Nie od dziś wiadomo,że XX-lecie Międzywojenne to specyficzna epoka. Polska odzyskała niepodległość po 123 latach zaborów, łączyła się w całość, podnosiła po wojnie. Była zlepkiem kultur, tradycji, narodowości. Ogromnym tyglem, w którym mieszali się ludzie. Mimo, że obecnie mamy dosyć romantyczne wyobrażenie o tej epoce, to wcale nie żyło się wtedy tak bajecznie, kolorowo i szalenie jak chcielibyśmy wierzyć.

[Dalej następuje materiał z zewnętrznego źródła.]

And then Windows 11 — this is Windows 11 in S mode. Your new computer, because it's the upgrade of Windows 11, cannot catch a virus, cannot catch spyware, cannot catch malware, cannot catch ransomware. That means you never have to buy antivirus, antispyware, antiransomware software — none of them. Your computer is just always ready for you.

Iwona Kienzler po raz kolejny zabiera nas w podróż w mroczny świat XX-lecia, tym razem by opowiadać o zbrodniach i aferach. Główną osią niniejszej pracy są kobiety - morderczynie, wampirzyce, dzieciobójczynie, nierządnice. Autorka wertuje przedwojenną prasę i pokazuje sprawy, które wtedy przyciągały największą uwagę i elektryzowały społeczeństwo. Oczywistym jest, że nie mogło obejść się bez przywołania kolejny raz sprawy Rity Gorgonowej. Ale jest i o dzieciobójczyni z Antonówki czy morderczych arystokratkach. W książce zawarte są nie tylko zbrodnie popełniane przez kobiety. Na tapet Kienzler bierze także otoczenie marszałka Józefa Piłsudskiego i afery w pewien sposób powiązane z jego osobą.

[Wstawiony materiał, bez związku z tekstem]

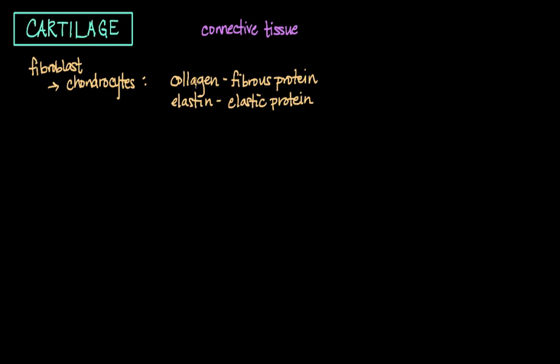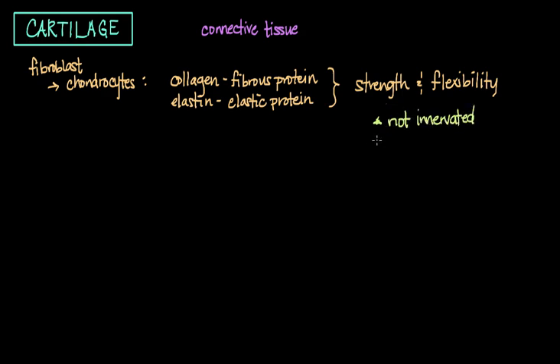The key thing to remember about collagen and elastin that make up cartilage is that they give cartilage strength and flexibility. A couple of other key points: cartilage is not innervated, meaning it doesn't have nerve cells, and it is also avascular, meaning it doesn't have arteries, veins, or blood vessels running through it. Instead, cartilage receives nutrition and immune protection from the surrounding fluid.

,,Zabójcy, wampirzyce, nierządnice" to kolejna praca, która w sposób łatwy, prosty i dostosowany do masowego czytelnika, pokazuje jak niezwykłym, wielowymiarowym okresem było Dwudziestolecie. Kienzler nie tworzy pracy naukowej, raczej zbiór anegdot i opowieści z dreszczykiem doskonale wpisujących się w sensacyjny, trochę brukowcowy sposób przekazy. To nie analiza historyczna. Jednak dzięki temu lepiej można zrozumieć ludzi wtedy żyjących, tak samo żądnych sensacji, afer i bulwersujących nagłówków. Chyba nie tak bardzo różnych od nas współczesnych?
Taką książkę z chęcią bym przeczytała. Nie jestem zbyt mocna w historii, ale bardzo lubię czytać książki historyczne, z nich zawsze się najwięcej uczyłam.